GM:In addition to your new album, Time Life has also released 173 of your songs from your catalog digitally, including your 1978 Chained Lightning album. Let’s start with the title song from that album, backdropped by cello and strings, making it very beautiful.

DM: The title came to me from a Buck Jones silent western film. I’m a western film buff. I never saw the movie Chained Lightning but thought that it would make a great song title. It spoke to me, like the power of love in a forest. So I wrote it and took it to Nashville for the first of two albums we were doing with Larry Butler as a producer. He was a tremendous talent. Working for him on the two albums were basically the A team for Elvis Presley including The Jordanaires on background vocals, and we became friends. Another one of my favorite songs on that album is “Lotta Lovin’.” The strings on the album were done by Bill Justis, who is known for his big instrumental guitar hit “Raunchy.” Who would have thought that a one-hit wonder from the 1950s would become one of the most brilliant string arrangers in Nashville?

GM: My wife Donna, and so many people, is a big fan of your song “Vincent” and the one on Chained Lightning that sounds most like it is “Genesis (In the Beginning),” which also served as the flip side of “Crying.”

DM: That song was written on a tour, with the original lyrics jotted down on hotel stationery. There were bibles in the nightstand drawers each night and one night I decided to open one up. I started reading it and liked the content of Genesis and immediately began writing that song. When I was in high school, I used to carry around a printed version of Ecclesiastes, because I had planned to write a song using that, but Pete Seeger beat me to the punch, with “Turn, Turn, Turn.” I later told him of my original plan, but he did a much better job than I would have done because he was a great adapter. Finally with “Genesis” I achieved what I planned in high school.

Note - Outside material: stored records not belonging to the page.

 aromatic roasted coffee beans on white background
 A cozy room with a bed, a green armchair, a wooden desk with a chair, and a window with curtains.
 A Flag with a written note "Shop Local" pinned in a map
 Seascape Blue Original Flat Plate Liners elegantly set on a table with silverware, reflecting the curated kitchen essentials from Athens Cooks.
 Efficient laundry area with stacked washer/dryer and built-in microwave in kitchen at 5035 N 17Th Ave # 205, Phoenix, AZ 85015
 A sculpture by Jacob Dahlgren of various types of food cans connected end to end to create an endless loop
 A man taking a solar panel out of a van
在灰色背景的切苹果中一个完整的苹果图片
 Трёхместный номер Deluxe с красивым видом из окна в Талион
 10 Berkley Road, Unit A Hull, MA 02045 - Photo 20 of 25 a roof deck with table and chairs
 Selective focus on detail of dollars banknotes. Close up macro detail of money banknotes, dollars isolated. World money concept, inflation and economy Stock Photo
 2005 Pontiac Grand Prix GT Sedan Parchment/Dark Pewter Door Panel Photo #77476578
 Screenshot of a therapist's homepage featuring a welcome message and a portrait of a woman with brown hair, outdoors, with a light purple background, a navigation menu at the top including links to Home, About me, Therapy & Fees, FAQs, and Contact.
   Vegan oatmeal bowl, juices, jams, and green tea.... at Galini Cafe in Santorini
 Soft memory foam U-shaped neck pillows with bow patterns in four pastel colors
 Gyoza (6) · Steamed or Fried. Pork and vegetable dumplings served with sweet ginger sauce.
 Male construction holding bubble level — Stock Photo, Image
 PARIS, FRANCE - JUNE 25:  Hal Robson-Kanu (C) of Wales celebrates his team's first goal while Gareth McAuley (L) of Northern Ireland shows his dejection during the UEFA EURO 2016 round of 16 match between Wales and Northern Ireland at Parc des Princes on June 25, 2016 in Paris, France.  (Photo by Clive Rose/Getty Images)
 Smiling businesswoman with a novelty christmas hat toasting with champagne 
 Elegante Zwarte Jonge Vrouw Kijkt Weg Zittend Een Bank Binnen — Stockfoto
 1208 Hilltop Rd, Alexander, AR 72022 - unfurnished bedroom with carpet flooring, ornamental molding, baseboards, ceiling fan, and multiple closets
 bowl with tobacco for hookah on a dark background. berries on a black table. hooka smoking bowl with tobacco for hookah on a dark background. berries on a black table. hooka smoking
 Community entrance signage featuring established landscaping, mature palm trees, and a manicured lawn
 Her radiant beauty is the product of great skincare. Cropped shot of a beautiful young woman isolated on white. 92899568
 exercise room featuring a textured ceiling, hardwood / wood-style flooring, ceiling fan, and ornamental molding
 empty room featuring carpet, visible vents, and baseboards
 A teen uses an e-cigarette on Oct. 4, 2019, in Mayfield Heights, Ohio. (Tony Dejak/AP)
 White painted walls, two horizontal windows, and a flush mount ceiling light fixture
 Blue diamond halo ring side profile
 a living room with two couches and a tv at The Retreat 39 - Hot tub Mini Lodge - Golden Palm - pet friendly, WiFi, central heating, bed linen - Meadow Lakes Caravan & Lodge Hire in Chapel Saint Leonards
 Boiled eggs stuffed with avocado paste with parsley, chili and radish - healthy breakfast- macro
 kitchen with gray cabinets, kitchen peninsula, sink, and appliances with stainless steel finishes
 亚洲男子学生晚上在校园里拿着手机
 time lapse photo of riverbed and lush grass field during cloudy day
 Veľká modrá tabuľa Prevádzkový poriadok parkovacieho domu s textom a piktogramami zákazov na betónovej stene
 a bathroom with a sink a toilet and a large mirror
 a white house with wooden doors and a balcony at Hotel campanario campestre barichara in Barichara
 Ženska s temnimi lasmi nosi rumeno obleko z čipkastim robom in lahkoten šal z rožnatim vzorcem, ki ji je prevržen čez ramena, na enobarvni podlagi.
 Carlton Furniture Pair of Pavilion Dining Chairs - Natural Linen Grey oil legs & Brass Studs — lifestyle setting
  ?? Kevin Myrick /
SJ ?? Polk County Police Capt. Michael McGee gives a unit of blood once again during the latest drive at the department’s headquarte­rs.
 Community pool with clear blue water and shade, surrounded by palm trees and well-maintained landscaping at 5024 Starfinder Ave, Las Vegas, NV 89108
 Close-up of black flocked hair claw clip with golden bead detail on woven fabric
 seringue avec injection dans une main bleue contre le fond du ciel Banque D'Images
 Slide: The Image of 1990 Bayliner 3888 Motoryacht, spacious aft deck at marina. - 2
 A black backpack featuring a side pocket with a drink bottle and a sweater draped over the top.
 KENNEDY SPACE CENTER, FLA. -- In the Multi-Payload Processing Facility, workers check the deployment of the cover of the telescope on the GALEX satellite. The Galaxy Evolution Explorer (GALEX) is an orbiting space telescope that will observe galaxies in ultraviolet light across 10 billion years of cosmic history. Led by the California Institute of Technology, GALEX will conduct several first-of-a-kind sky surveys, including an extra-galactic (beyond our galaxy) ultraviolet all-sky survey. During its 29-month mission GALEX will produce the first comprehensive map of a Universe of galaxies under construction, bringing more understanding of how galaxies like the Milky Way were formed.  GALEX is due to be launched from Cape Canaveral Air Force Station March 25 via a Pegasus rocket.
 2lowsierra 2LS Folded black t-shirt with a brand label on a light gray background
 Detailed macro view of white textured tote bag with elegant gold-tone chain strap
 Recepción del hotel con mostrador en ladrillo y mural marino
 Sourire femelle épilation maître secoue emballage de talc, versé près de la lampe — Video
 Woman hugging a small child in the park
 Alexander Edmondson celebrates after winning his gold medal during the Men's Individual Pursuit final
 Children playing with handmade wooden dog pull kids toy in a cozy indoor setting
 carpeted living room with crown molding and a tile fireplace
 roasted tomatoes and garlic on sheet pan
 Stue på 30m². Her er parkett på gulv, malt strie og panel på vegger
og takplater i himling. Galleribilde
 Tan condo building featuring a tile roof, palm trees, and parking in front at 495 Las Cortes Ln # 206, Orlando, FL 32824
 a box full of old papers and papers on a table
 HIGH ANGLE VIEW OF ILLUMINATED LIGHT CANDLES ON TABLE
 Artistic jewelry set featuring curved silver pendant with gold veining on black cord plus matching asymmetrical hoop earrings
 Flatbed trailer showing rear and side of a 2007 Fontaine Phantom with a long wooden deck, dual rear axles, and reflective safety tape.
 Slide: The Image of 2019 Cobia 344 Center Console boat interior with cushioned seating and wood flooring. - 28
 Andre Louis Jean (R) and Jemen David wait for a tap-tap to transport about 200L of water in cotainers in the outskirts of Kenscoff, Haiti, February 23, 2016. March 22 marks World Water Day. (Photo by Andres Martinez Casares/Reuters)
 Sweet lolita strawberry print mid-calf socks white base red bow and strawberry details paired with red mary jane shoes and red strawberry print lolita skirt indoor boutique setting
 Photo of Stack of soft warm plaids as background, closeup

GM: You mentioned Rita Coolidge earlier. In 1978, when I was working in a record store in Cleveland, we would generally play albums with hit singles. At that time the disco sounding “You” was in the Top 40 from Rita’s Love Me Again album. At the same time a copy or two of Chained Lightning sat in your section, and I don’t think we were given a promotional copy to play in the store. Then a couple of years later, Donna and I had moved to Dallas and I finally heard your version of Roy Orbison’s “Crying,” from Chained Lightning, on a Sunday morning on Casey Casey’s American Top 40 radio show. Wow! It was beautiful and great to hear you back on the radio.

DM: Yes, my Chained Lightning album sat on the shelves for quite a while. Then someone in Holland heard “Crying” and said that if I went there and performed that song on television, it would go to No. 1 there. So I did and sure enough, it went to No. 1. Then it expanded to England and went No. 1 there too, followed by other countries, and then finally it became a hit in the U.S.

Don McLean

Flip side: Genesis (In the Beginning)

A side: Crying

Top 100 debut: January 24, 1981

Peak position: 5

Millennium 11799

GM: “Crying” became your second highest charting hit in the U.S., behind “American Pie.” When I interviewed Cherie Currie, formerly of The Runaways, earlier this year, she told me, “’American Pie’ was the first 45 that I bought with my allowance money. I was fine with flipping it over halfway through to hear part two continue and conclude. Back in those days we didn’t get frustrated over things like that. We were just happy to hold it in our hands. ‘Vincent’ is my all-time favorite song. Don McLean is a hero to me, writing profound lyrics and melodies and he is still out there doing it, and helping people online, showing how to play guitar and sing over it.”